The core case: US-Iran tensions are easing, Strait of Hormuz shipping traffic is recovering, and the drag from rates, oil prices, and the dollar is fading.
This means → the three headwinds that kept cyclicals down — high rates, high oil, strong dollar — are all turning. Undervalued pro-cyclical stocks now have room to lead.
In plain terms = during the conflict, money crowded into tech for safety. As risk recedes, capital flows toward what's cheap.
Which sectors does he favor?
Wilson's team reiterates overweight calls on three underowned cyclical groups: consumer discretionary, transports, and regional banks.
All three have already begun to outperform the S&P 500, yet sentiment and positioning remain "bearish and depressed."

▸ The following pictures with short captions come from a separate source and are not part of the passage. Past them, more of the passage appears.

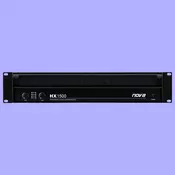 Audio pojacalo HX1500 NOVA
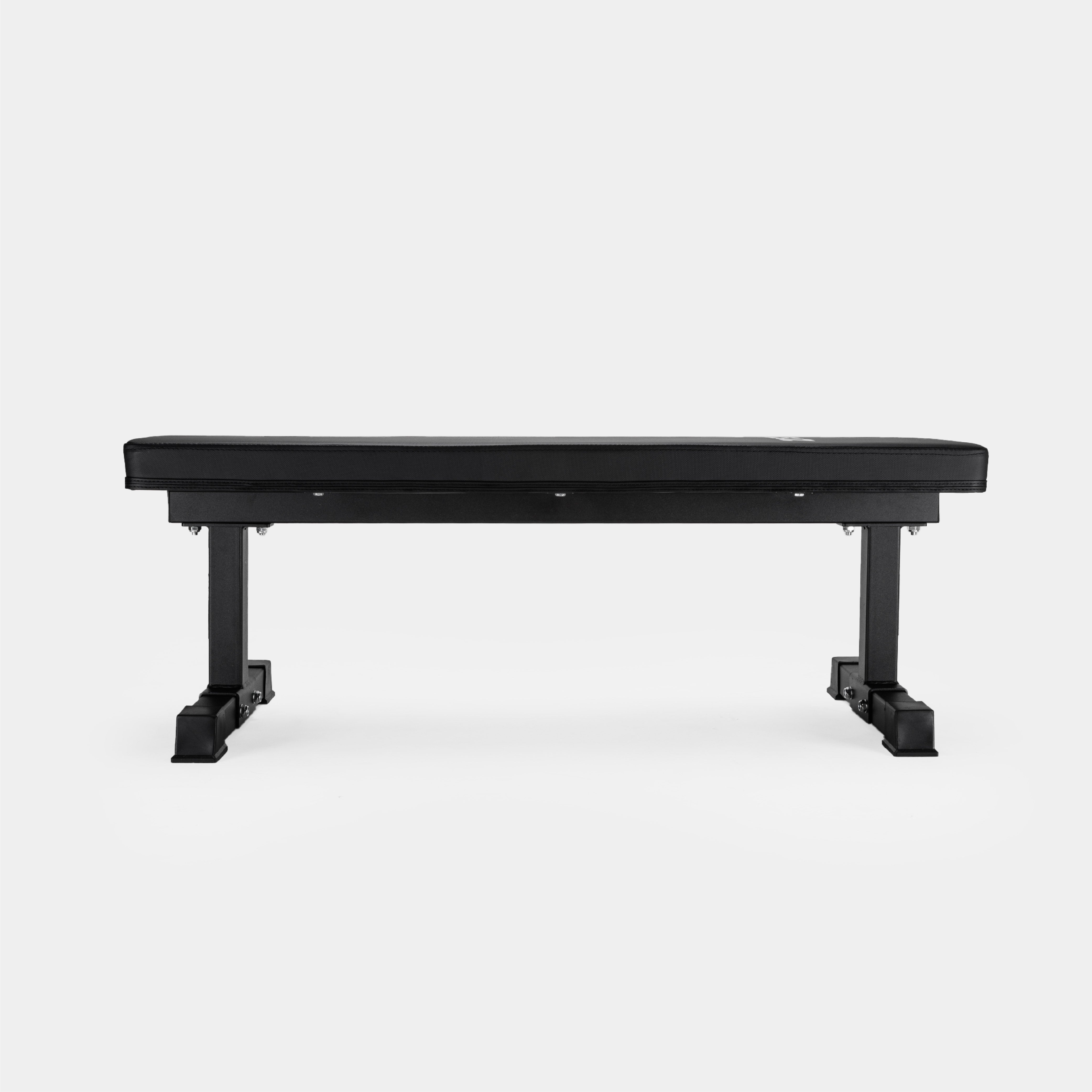 ZEUZ Banc Plat - Flat Bench - FBRX100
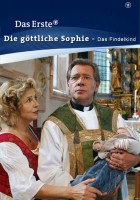 plakat filmu Die Göttliche Sophie - Das Findelkind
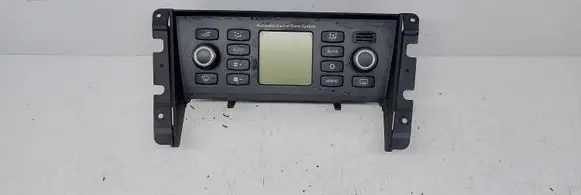 Fiat Croma Climate control unit 7354258890
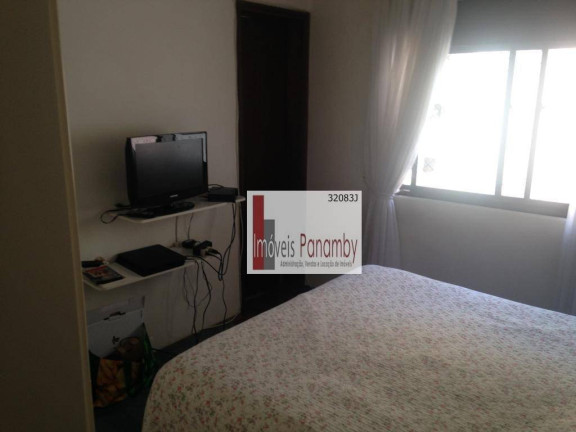 Imagem Apartamento com 4 Quartos à Venda, 195 m² em Vila Andrade - São Paulo Imagem Apartamento com 4 Quartos à Venda, 195 m² em Vila Andrade - São Paulo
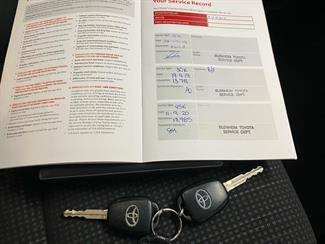 2017 Toyota Yaris - Thumbnail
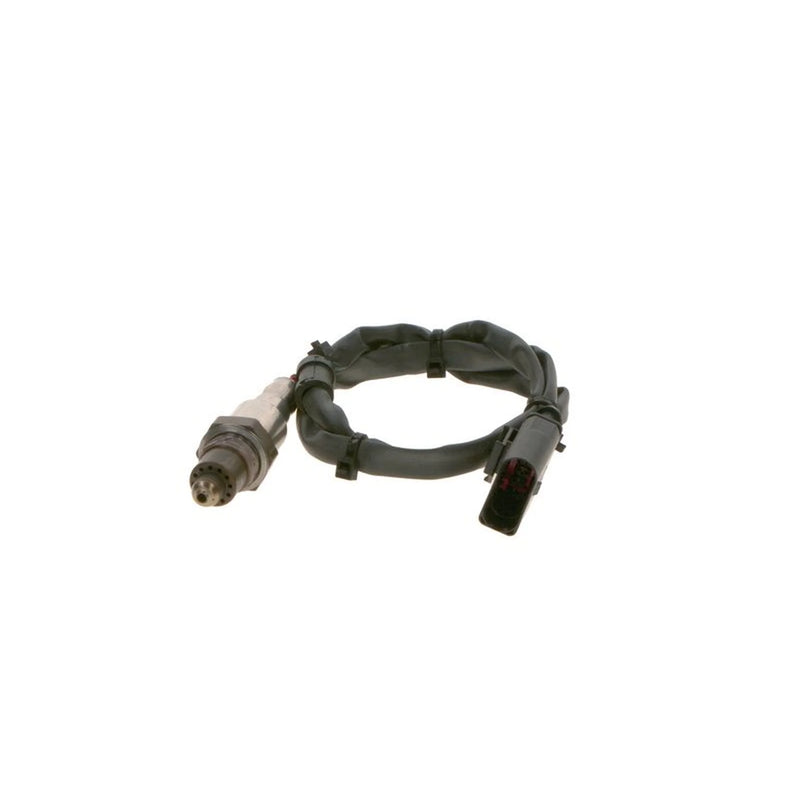 Bosch O2 Lambda Oxygen Sensor after catalytic converter 0 258 030 117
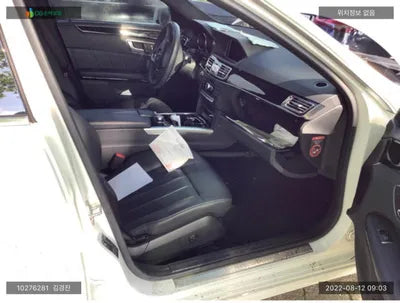 2015 Mercedes-Benz E 250 WDDHF9HB2FB166017 VIN:WDDHF9HB2FB166017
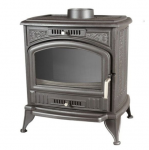 Печь-камин чугунный KOZA/K6/150/ASDP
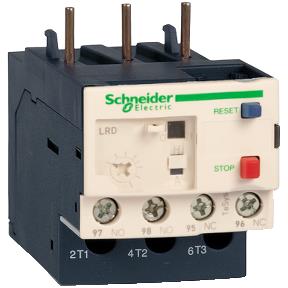 SCHNEIDER ELECTRIC LR3D03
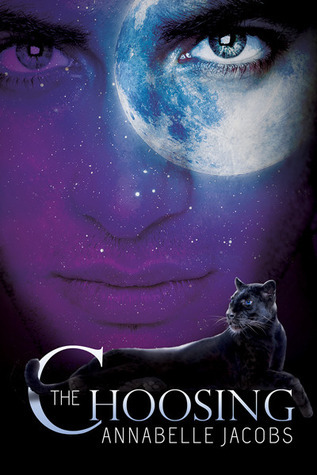 The Choosing book cover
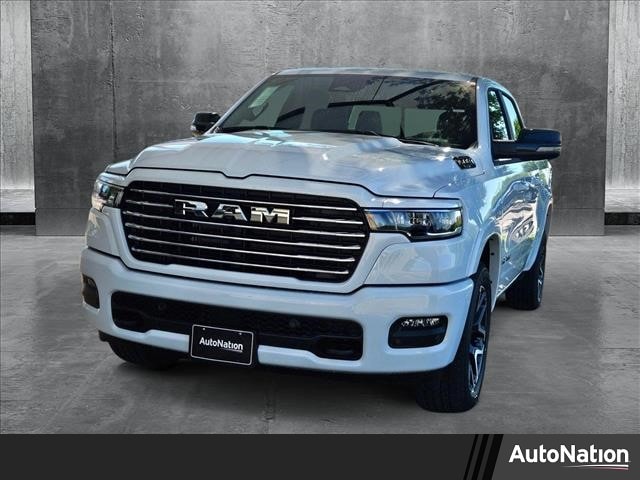 2025 RAM Ram 1500 Pickup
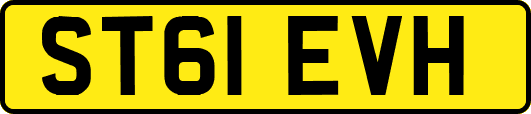 ST61EVH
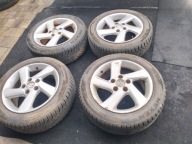 Koła Aluminiowe Mazda 6 Felgi z oponami zimowymi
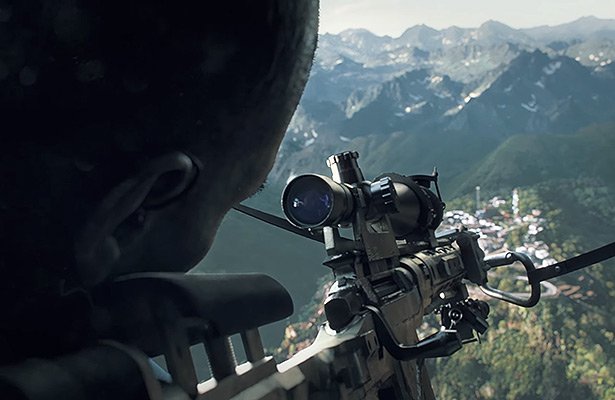Tom Clancy´s Ghost Recon: Wildlands – Testy wydajności wersji PC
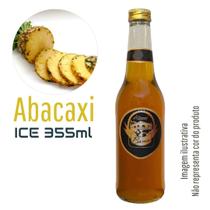 Licor artesanal de abacaxi - ICE 355ml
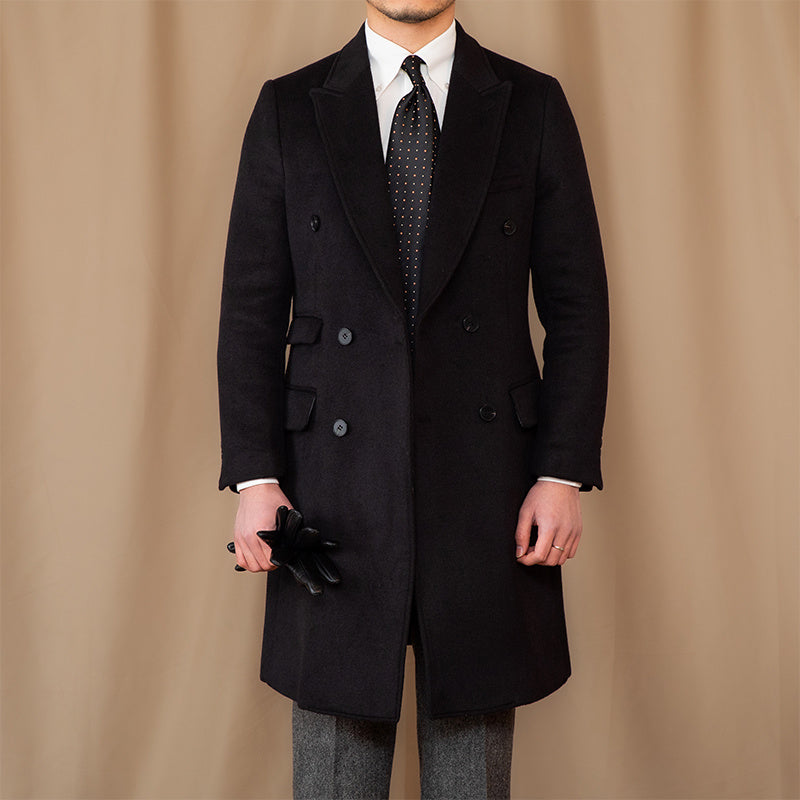 men's coat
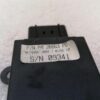 BENTLEY ARNAGE T Power boot control module PR26663PD Steuergerät - Image 2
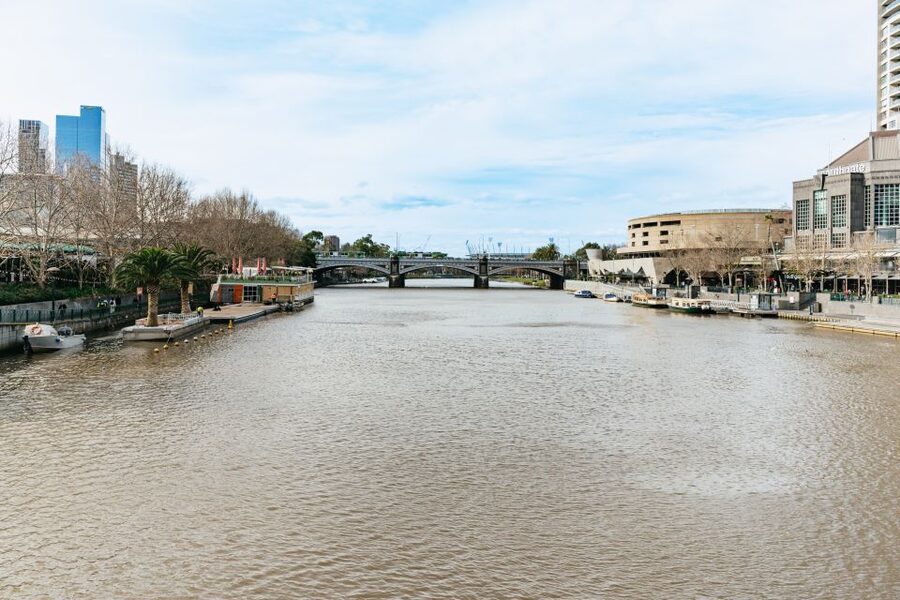 Melbourne: 1-Hour Gardens and Sporting Precinct River Cruise - Is $27 a fair price?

This means → prices have started to move, but most money hasn't followed yet — if the rotation continues, positioning catch-up alone can fuel further gains.
What does the recent pullback signal?
Wilson notes the recent decline, led by memory-chip stocks, stems from slowing earnings momentum — not fundamental deterioration.
This means → it is a typical "digestive pullback" within an earnings-driven bull market, not a trend-reversal signal.
There may still be choppiness in the weeks ahead, but our conviction in the current bull market is unchanged.
Michael Wilson
Chief US equity strategist, Morgan Stanley
(June 15, 2026 research note)
Does JPMorgan agree?
JPMorgan global equity strategist Mislav Matejka echoed the view: as long as geopolitical tensions keep easing and earnings and inflation stay stable, the rotation into cyclicals "can extend through year-end."
This reflects a rare consensus between two major banks on the same directional call — cyclical catch-up is not a short-term trade but a potential theme for the second half.
Content is for reference only, not financial advice.